Why is Gentia not in this list? I hear you ask.

Gentia have been acquired by a company called 'Open Ratings'. If you go to www.gentia.com you will be re-directed to balancedscorecard.com. And all the documentation you will find there is about the implementation of balanced scorecards and the applications sold by 'Open Ratings'. It is not at all clear if you can buy Gentia separately from buying the applications. So I've left it out of this discussion. If you want to buy a balanced scorecard applications feel free to go to balancedscorecard.com.

A004. What ETL tool should I buy for my DW?

Let's start with what not to buy.

Don't buy PL/SQL and think you can write all your ETL in it. I can't believe the number of Oracle DBAs who think that anything you need to do can be done in PL/SQL. I think that when people do the Oracle DBA classes they must get 'inoculated' with the PL/SQL needle so that they are allergic to anything else. No other database DBAs I meet are anything like as fixated on writing stored procedures in the database language.

Stored procedures, today, are hard to write, hard to read, hard to maintain, destroy your ability to understand data heritage, and completely and totally lock you into the database engine for ever and ever amen. Not that anyone actually moves hardware or database once the system is installed which was the whole 'purpose of open systems' as it was preached to me in the early 80s.

You would be better off with Cobol, C, Perl or any popular programming language than you are with PL/SQL.

Let's go to what to think about.

All the ETL tool vendors want to sell you their tool. I did when I worked for Ardent. You can't blame a vendor for trying to sell you their wares.

My own opinion is that it is only the 'lunatic fringe' who are going to build anything remotely complicated without some kind of ETL tool. Unfortunately, I think that still puts more than 50% of all installed data warehouses into the 'lunatic fringe' category. When I was working at Ardent the major competitor our sales reps had was not Informatica, it was the Oracle DBA who believed PL/SQL can to anything an ETL tool can do better and faster.

I personally believe that every sizable data warehouse project should be implemented using the tools available today, despite the fact that they still have their limitations.

That doesn't mean you have to buy it right up front though. You have to decide how you are going to approach the project. You need to decide if you are going to build your data warehouse 2 or more times or whether you are only going to build it once. That is not as strange as it sounds. If you plan to build it a couple of time, using prototypes and small subject areas you might want to delay the purchase of an ETL tool until you know more about what it is you are going to build and learn how to build it. You can delay the learning curve on the tool so that you can focus on getting your pilot projects working. I don't recommend you believe any ETL tool vendor that says you can go on a class for a day or two and go back to your office and build a data warehouse with it. Most of these tools are very easy to use to do simple things and way more difficult to use to do something complicated. I know because I am well versed in both Informatica and DataStage. For example, on a recent project the most difficult mapping took a very knowledgeable informatica developer 10 days to write and then we took another 5 days to test it and get it working. 15 days to write/test a very difficult mapping is still a long time. Without the level of skill that we were applying it would be unlikely that we could ever had written that mapping.

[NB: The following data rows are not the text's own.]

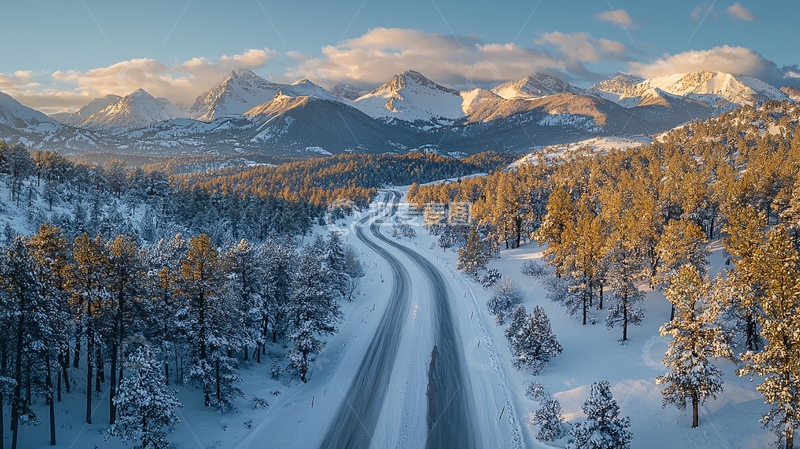 高清大图下载【趣麦麦图】雪山下的公路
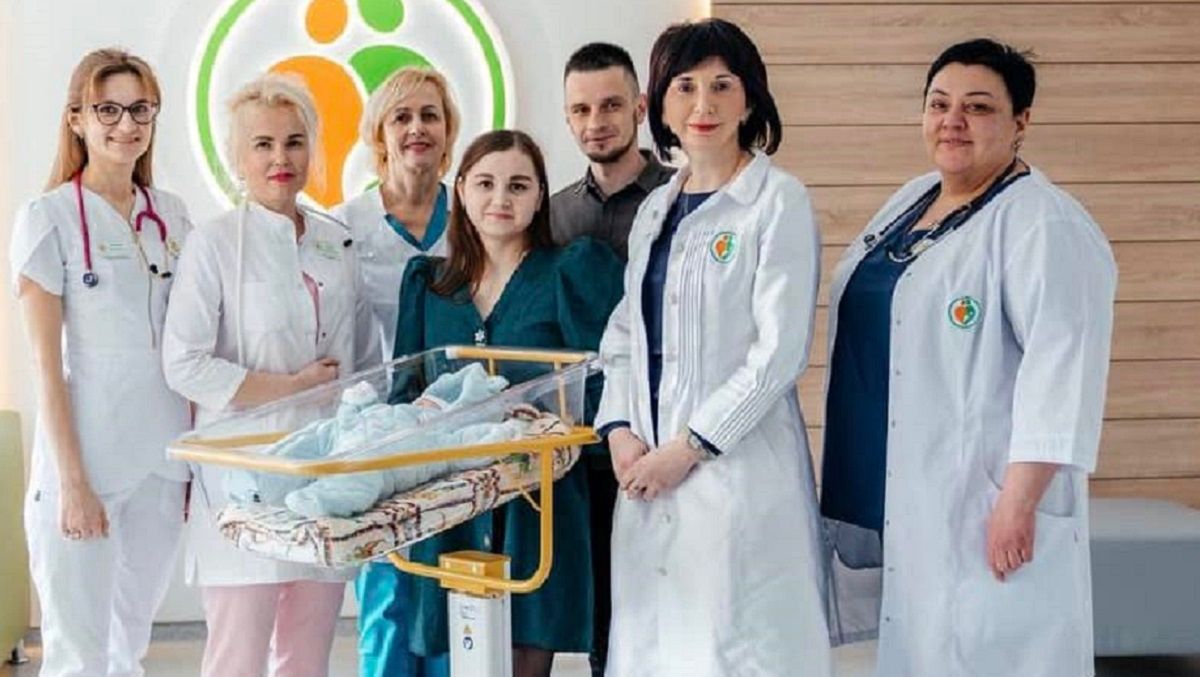 Львівські неонатологи виходили немовля, що народилося з вагою 580 г

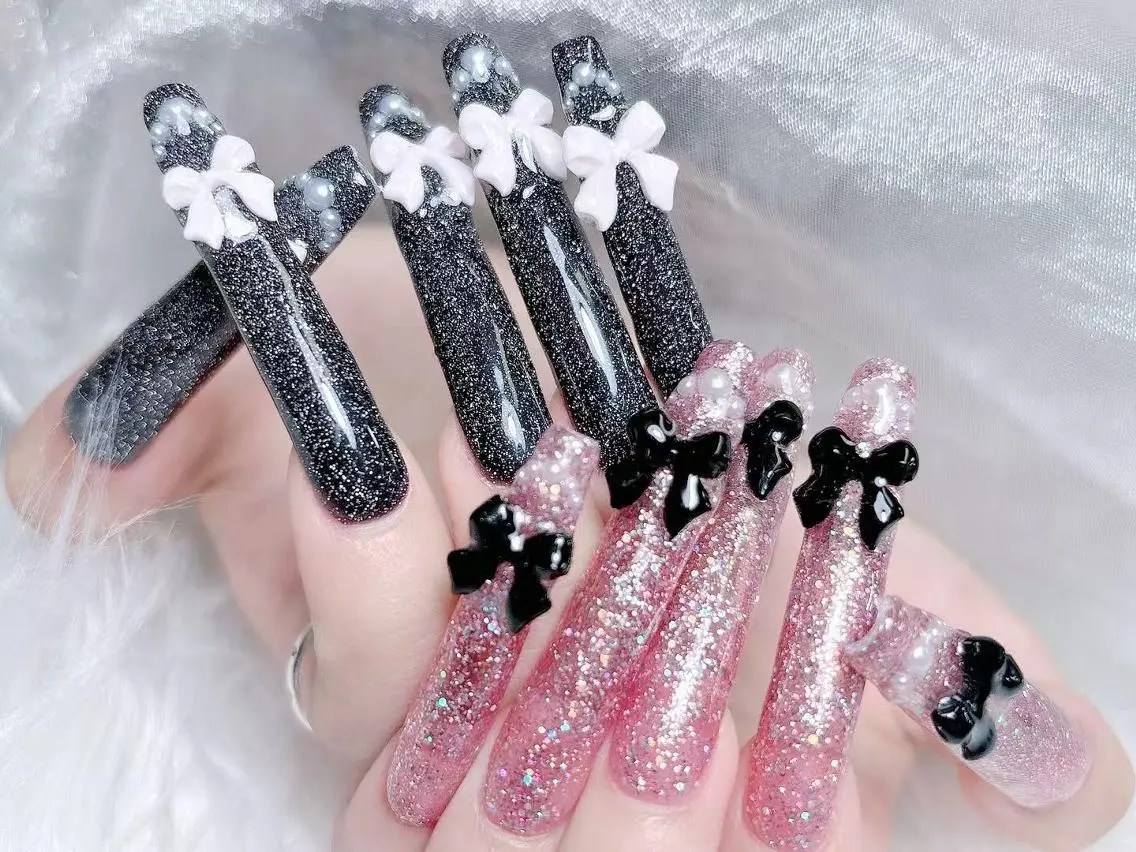 ネイル 長さ出し キラキラネイル 韓国ネイル ロングネイル マグネットネイル ハンドネイル ハンドケア MUNI🎀 NAIL のネイルデザイン
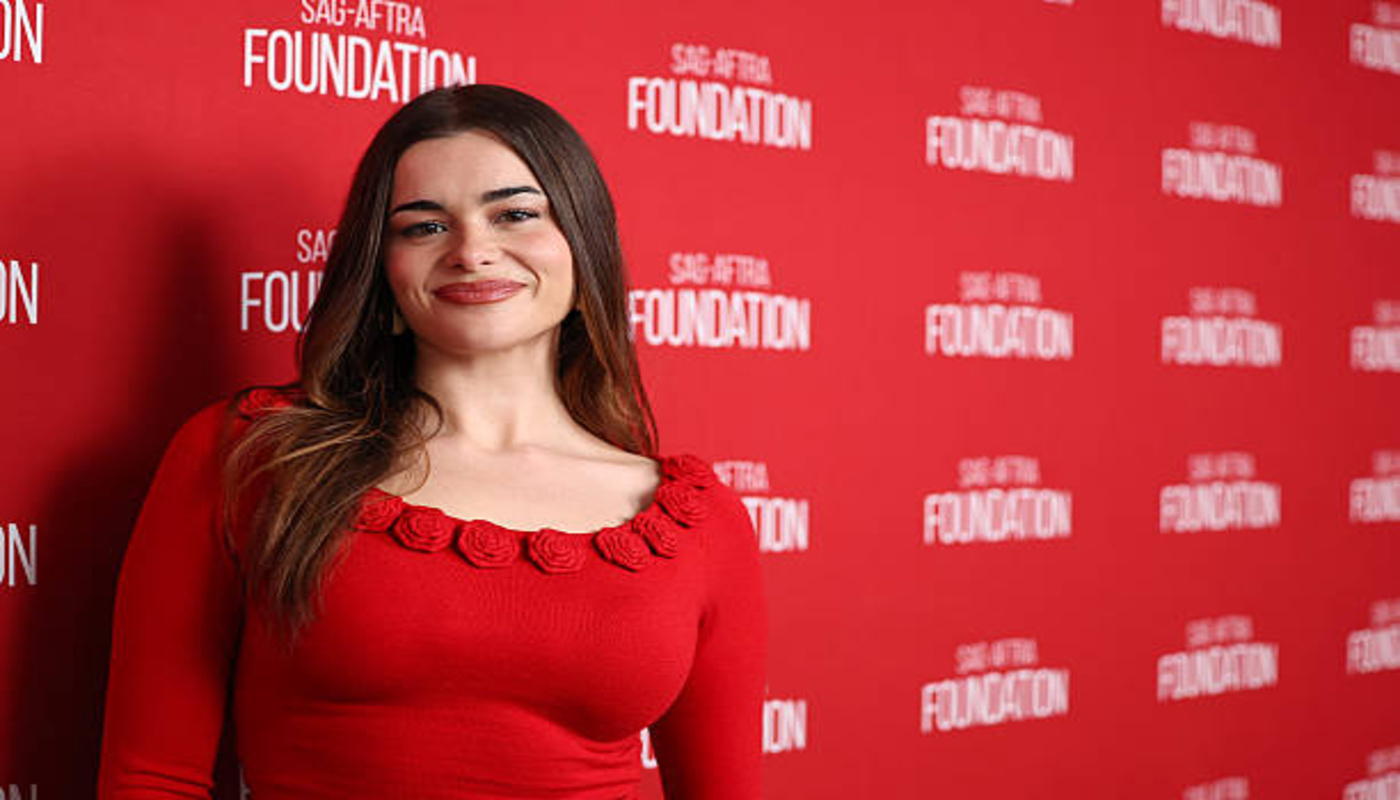 https://media.gettyimages.com/id/2250650729/photo/los-angeles-california-barbie-ferreira-attends-sag-aftra-foundation-conversations-presents.jpg?s=612x612&w=0&k=20&c=2zrlqbsf7UjRVlw9lkXKFoM-NZcCW8dL1XF4qAwkKDo=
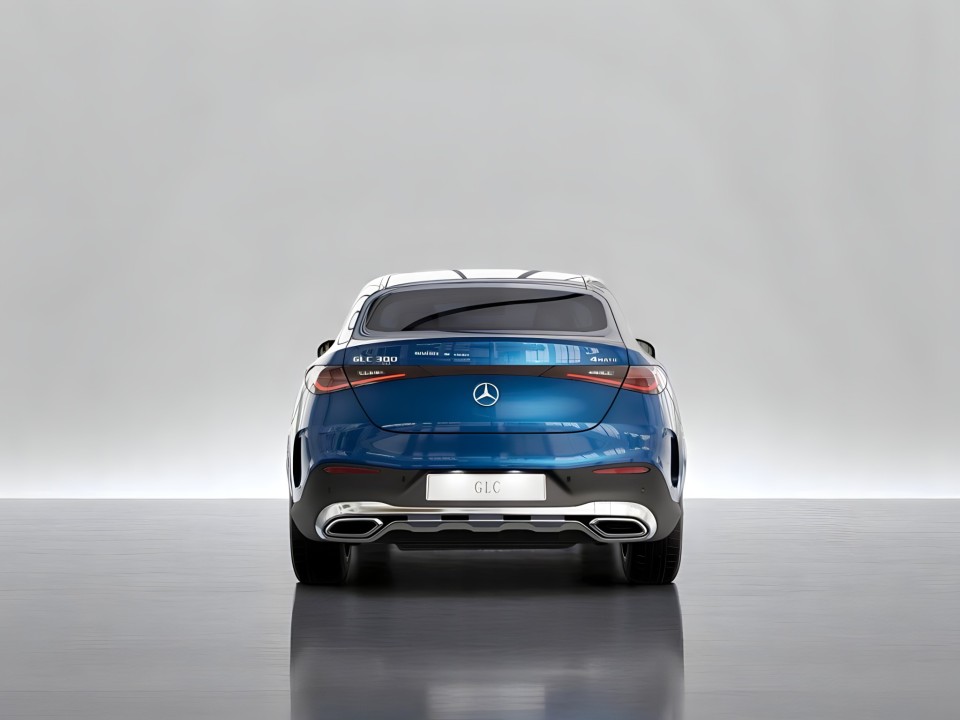 Mercedes-Benz GLC Coupe 300 4MATIC AMG Line (5)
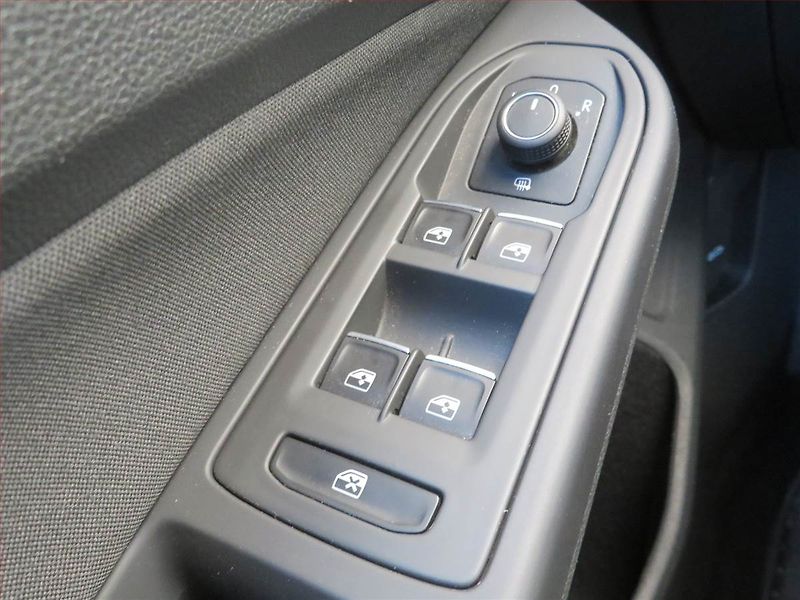 Volkswagen Golf (2021) Life 1.5 eTSI - fotka 17 z 17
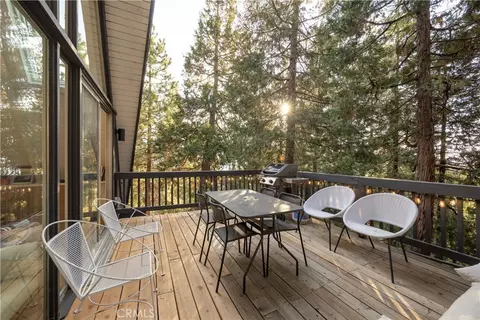 Exterior - 399 Rainier Rd, Lake Arrowhead, CA 92352 photo 8 of 9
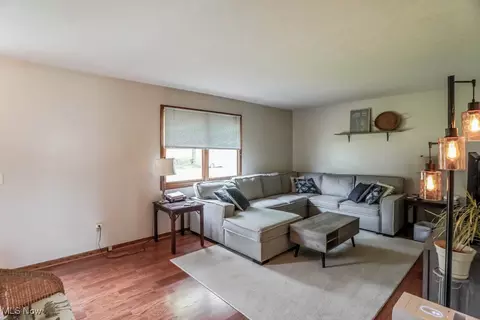 806 9th St SW, Massillon, OH 44647 photo 4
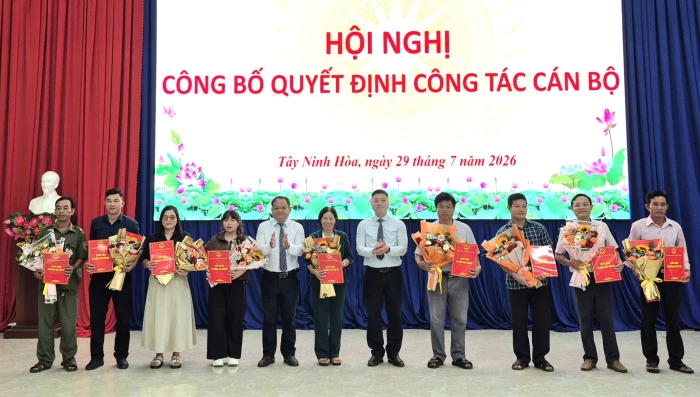 UBND xã Tây Ninh Hòa công bố các quyết định về công tác cán bộ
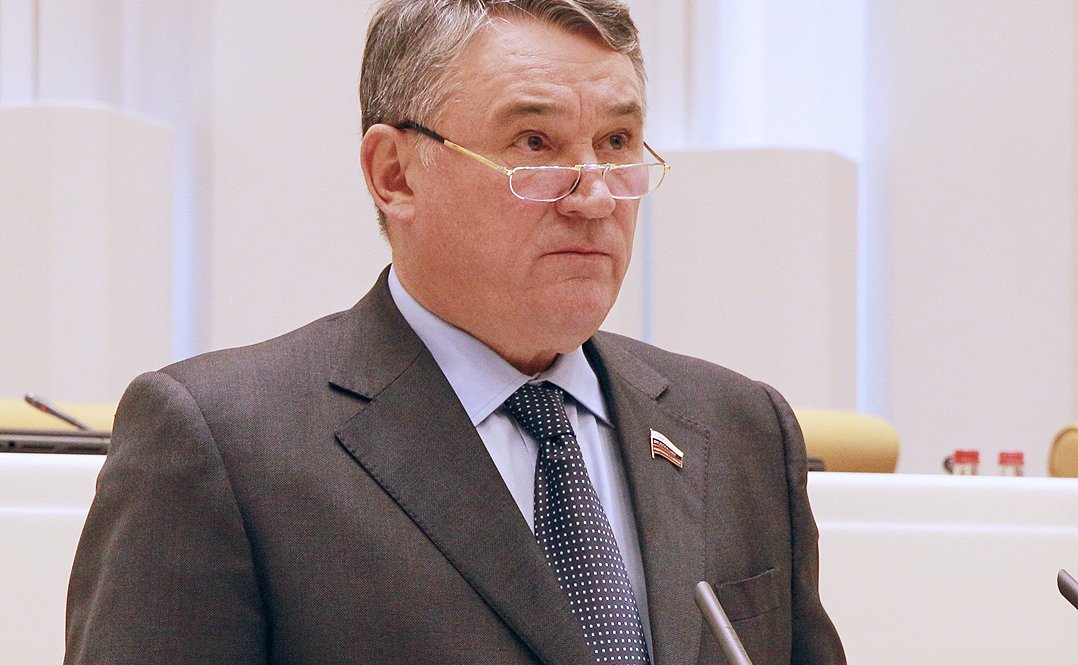 Триста двадцать седьмое заседание Совета Федерации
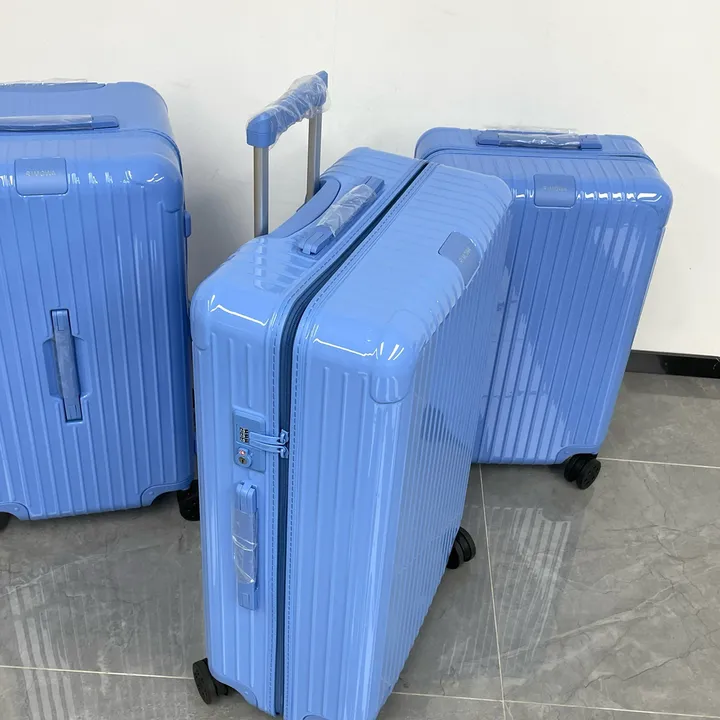 スーパーコピー リモワ スーツケース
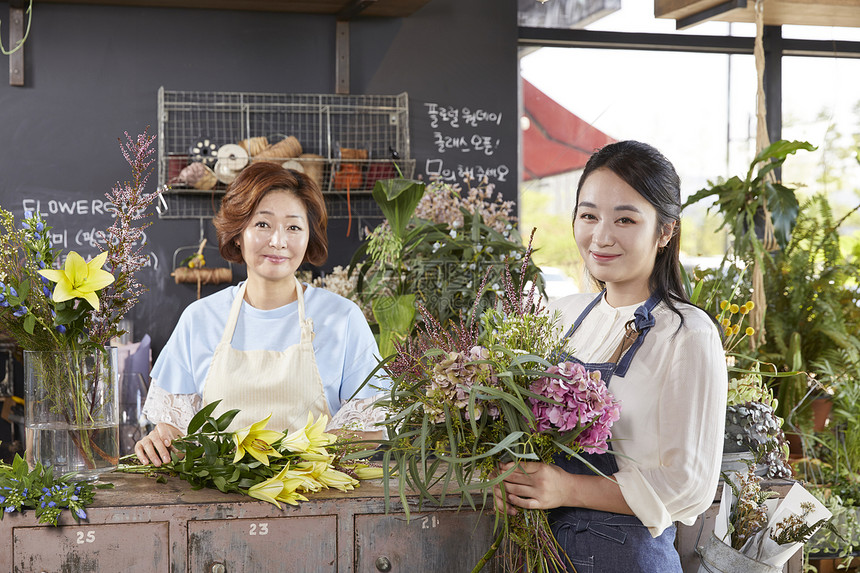 花店母女一起打理花卉图片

If you plan to build your data warehouse only once, and you want to write the correct code that will be scalable and robust into the future don't plan on writing this code yourself. Get someone with good experience in whichever tool you select. Those people will cost you good money but the good ones are well worth it. Setting up standards for a new site and implementing the early releases of the data warehouse was 'bread and butter' consulting for consultants at Ardent as well as at our business partners. Projects where we could set up the standards before a line of code was written always went better than the projects where the customers 'saved money' by reading the manuals, not going to the training and not getting help getting started. It is pretty much like buying a C++ compiler, reading the manual and believing you are ready to write applications. It just isn't like that, and never has been.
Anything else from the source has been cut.